Reasonable Doubts: Benighted Elite
Postmodernist critics of science get their comeuppance
Some Navajo schoolchildren, like many other children, have trouble in math class. According to an article published in a leading journal for mathematics educators, one reason may be that "the Western world developed the notion of fractions and decimals out of a need to divide or segment a whole. The Navajo world view consistently appears not to segment the whole of an entity." Teachers in the rural Southwest might therefore want to begin with concepts more "naturally compatible with Navajo spatial knowledge," such as "non-Euclidean geometry, motion theories, and/or fundamentals of calculus," and de-emphasize or postpone "segmentation…into smaller parts."
One of the many high points of the essay collection A House Built on Sand: Exposing Postmodern Myths About Science (Oxford University Press) is watching the volume's editor, Indiana University philosopher of science Noretta Koertge, struggle to keep her patience as she apprises readers of such developments. The notion of teaching calculus before fractions is "quite astounding," writes Koertge, for reasons that begin with the difficulty of expressing the slope of a line, one of the fundamentals of calculus, in any way other than by using a fraction or decimal. And while well-meaning teachers puzzle out such difficulties, Navajo children are presumably supposed to grow up without learning how to compute sales tax.

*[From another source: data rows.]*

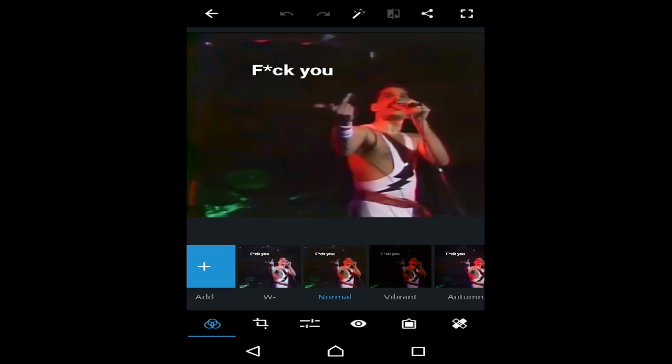Here we are on the first example, the first image. It will be easier if you have small text on your picture. By the way, this is a picture of Freddie Mercury. It will be easier if you have small text like this — if you have bigger text it would be harder.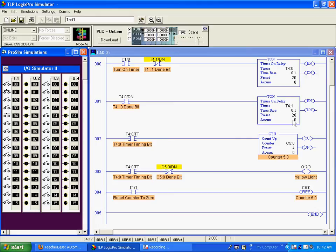When this timer's done timing, its done bit will open, resetting this timer and starting the whole thing over again. This is called cascading timers.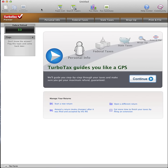With ScheduleK1.com, you can import your Federal Schedule K1 information into TurboTax in a matter of seconds.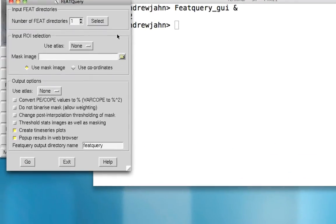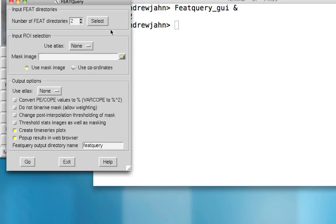Now if you've already analyzed all the runs within a single subject, you can extract parameter estimates collapsed across all of those runs. In this case, I want to extract data from the right motor cortex for the contrast of left minus right and right minus left.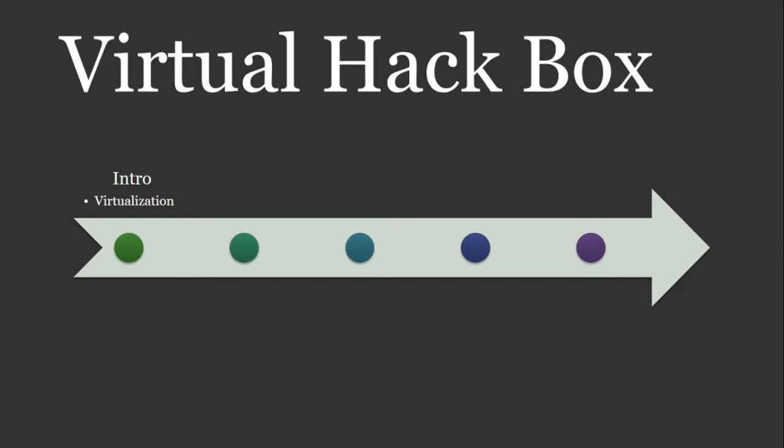Hey folks, thanks for watching. On today's tutorial, I'm going to show you how to create a virtual hack box.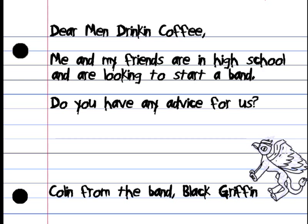Dear men drinking coffee, me and my friends are in high school and are looking to start a band. Do you have any advice for us? Colin from the band Black Griffin. Well thanks for that letter Colin. First of all, great name. Great name Colin? Yeah. No, Black Griffin I could take or leave it. Is it like Griffin the mythical creature? I believe so.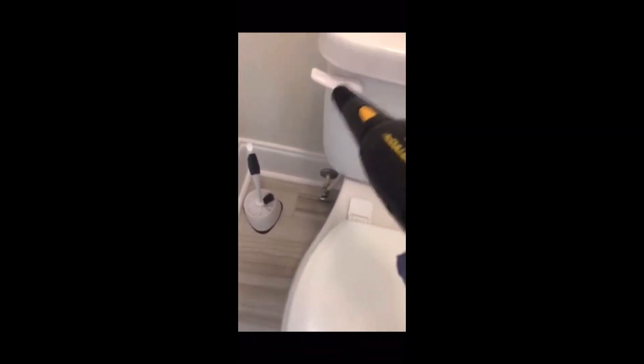We charge extra for the inspection and the clean and the steam, so keep that in mind. Thanks for watching.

The notion of a special "Navajo way of knowing," assuredly more spiritual and holistic than European ways, is just one of an array of by-now-familiar "standpoint epistemologies" associated with the idea that, as Koertge puts it, claims of fact "are always to be understood as a product of the culture, gender, ethnicity, [or] class of the observer who made them." Aside from Afrocentrism, there are such developments as "female-friendly science," some of whose supporters have proposed starting out girls in physics class on the study of wave phenomena or fluid mechanics, which they might find more congenial than the motions of "those darned old rigid bodies." (The phrase is Koertge's; in the 1994 book Professing Feminism: Cautionary Tales From the Strange World of Women's Studies, she and co-author Daphne Patai brought to light many similar follies). Most widespread of all such doctrines is postmodernism, which treats assertions of scientific fact as indeterminate texts constructed by readers. All these various streams converge to form the body of work known as the "new sociology of science," a.k.a. Science and Technology Studies (STS) or simply Science Studies, brought to many readers' notice for the first time in Paul Gross and Norman Levitt's 1994 exposé Higher Superstition: The Academic Left and Its Quarrels With Science (Johns Hopkins University Press).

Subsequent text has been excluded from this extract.